"Given they hold 19.9%, they can also make changes to management/board, and slowly acquire more shares over the years to come under the "creep" provisions. Time is on Svava's side."
Slow creep provision is 3% every 6 months so to get to the 90% compulsory takeover point would require acquiring 71% more of the company, so bit over 11.5 years of buying if they go that path!
So, unless a glaring issue is found in due diligence, they will be making an offer. They are not a management company building a stake to re-organise the company and profit. Guessing they assumed that Bell had done the leg work and found no issues so it was an educated gamble to grab the 18.8% without having done due-diligence themselves.
They have raised US$79m over the last few years so they seem to have solid support behind them, but the takeover is A$65m / US$40m so is a fair chunk of that raising. Based on that I am guessing they will need to get some more cash to finalise the deal, but I would assume that was locked in before they grabbed the 18.8%.

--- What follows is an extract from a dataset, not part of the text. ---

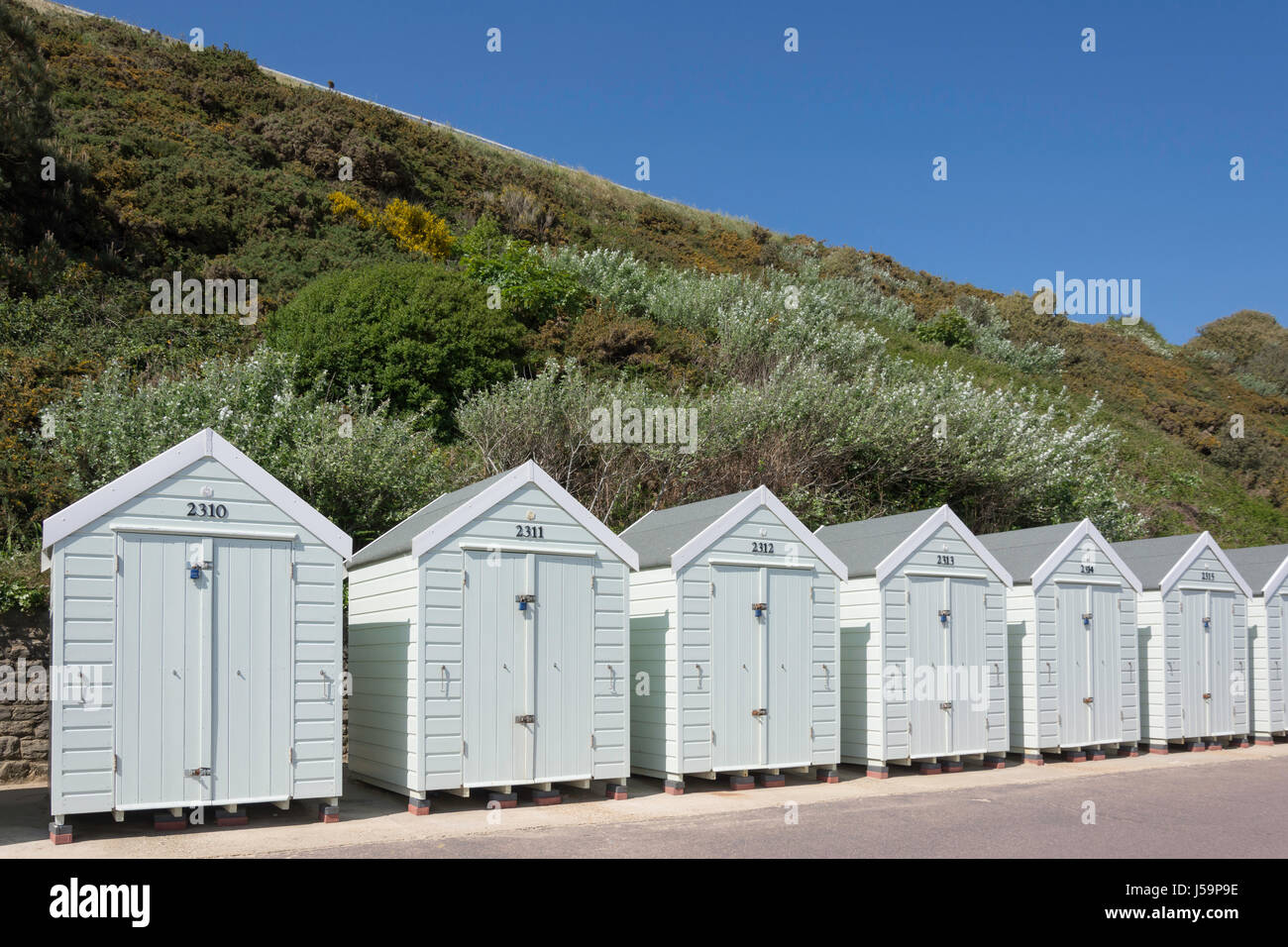 Cabines de plage sur la promenade de la plage de l'Ouest, Bournemouth, Dorset, England, United Kingdom Banque D'Images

Bell could still come with a counter-counter-counter-counter-offer, but it would surprise me, though they would still get value from it, as madamswer states, at a higher price. I doubt Svava would block the takeover by Bell if they do come back with a higher price than Svava are willing to offer as locking up A$12m in shares in a company whose price would drop a fair chunk if the takeover does not happen is not really the gameplay for an emerging fintech like Svava.
As for Svava making money by selling to a higher bidder, possible, but I doubt it. I would assume the groups that did the off-market at 28c have provisions in any agreement that they would get any increase in price of the tabled offer, but they may have forgone that for the cash upfront.